- Exercise description
Find the line containing "Survey Iq App Real", then print it and each line after it through the end of the listing exactly, with no pictures.

- Data section
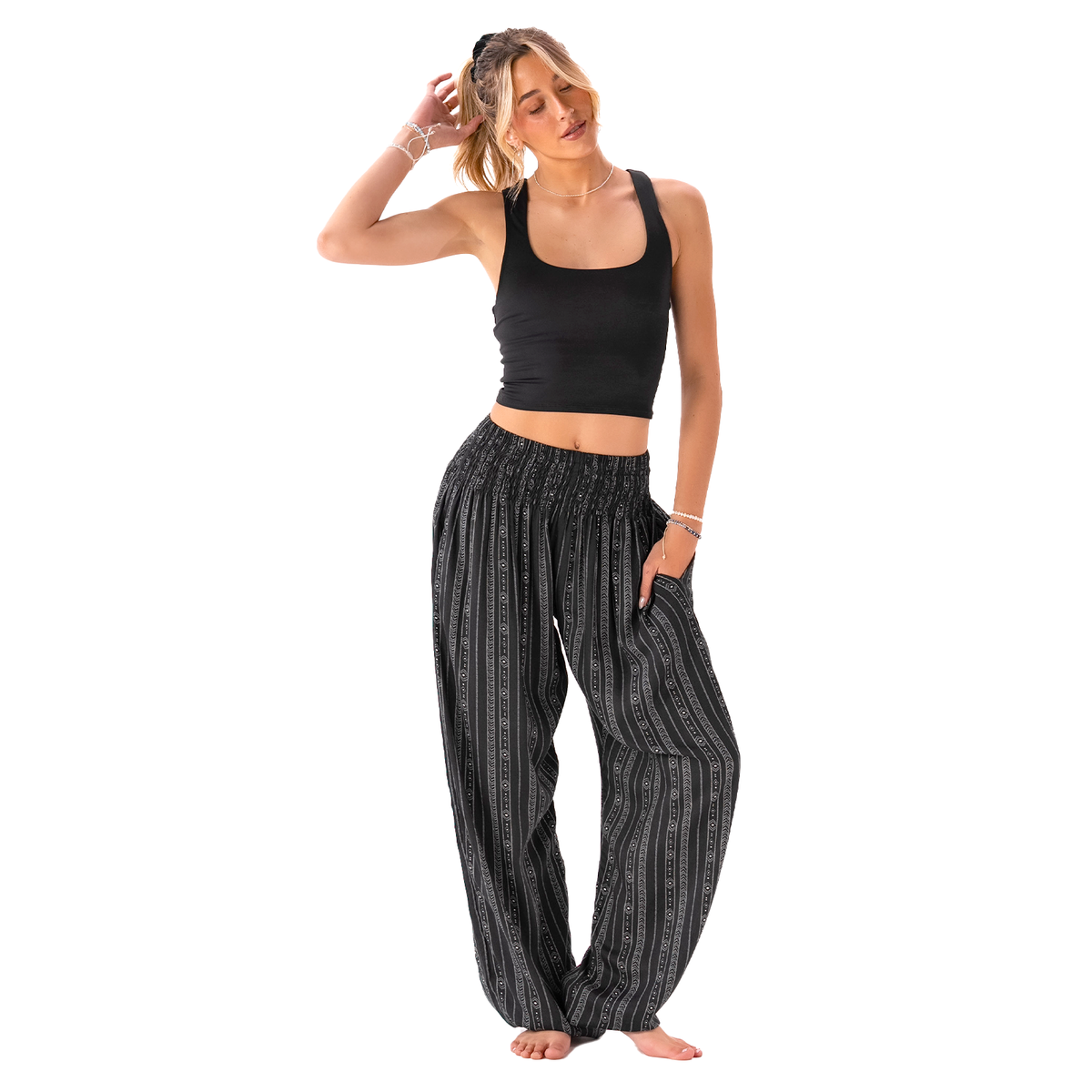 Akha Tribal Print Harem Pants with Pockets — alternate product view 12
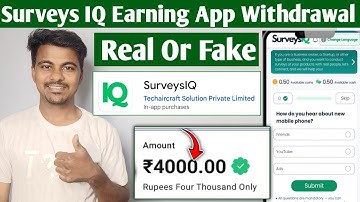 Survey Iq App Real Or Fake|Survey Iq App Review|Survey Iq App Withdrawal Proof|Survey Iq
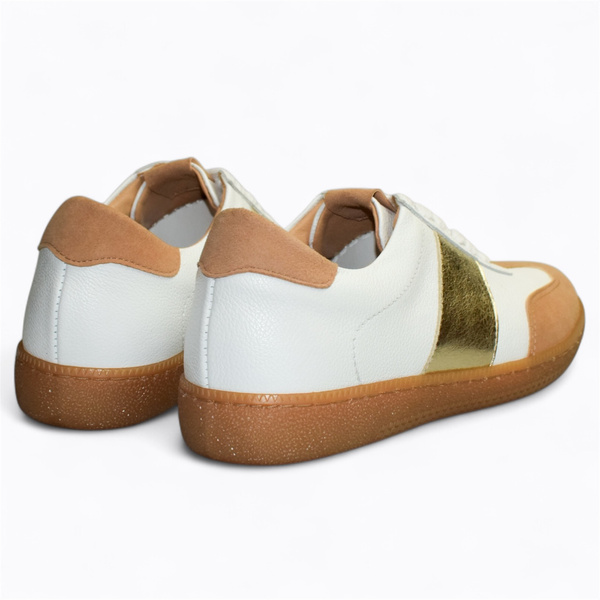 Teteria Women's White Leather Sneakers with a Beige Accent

- Problem solution
 Survey Iq App Real Or Fake|Survey Iq App Review|Survey Iq App Withdrawal Proof|Survey Iq
 Teteria Women's White Leather Sneakers with a Beige Accent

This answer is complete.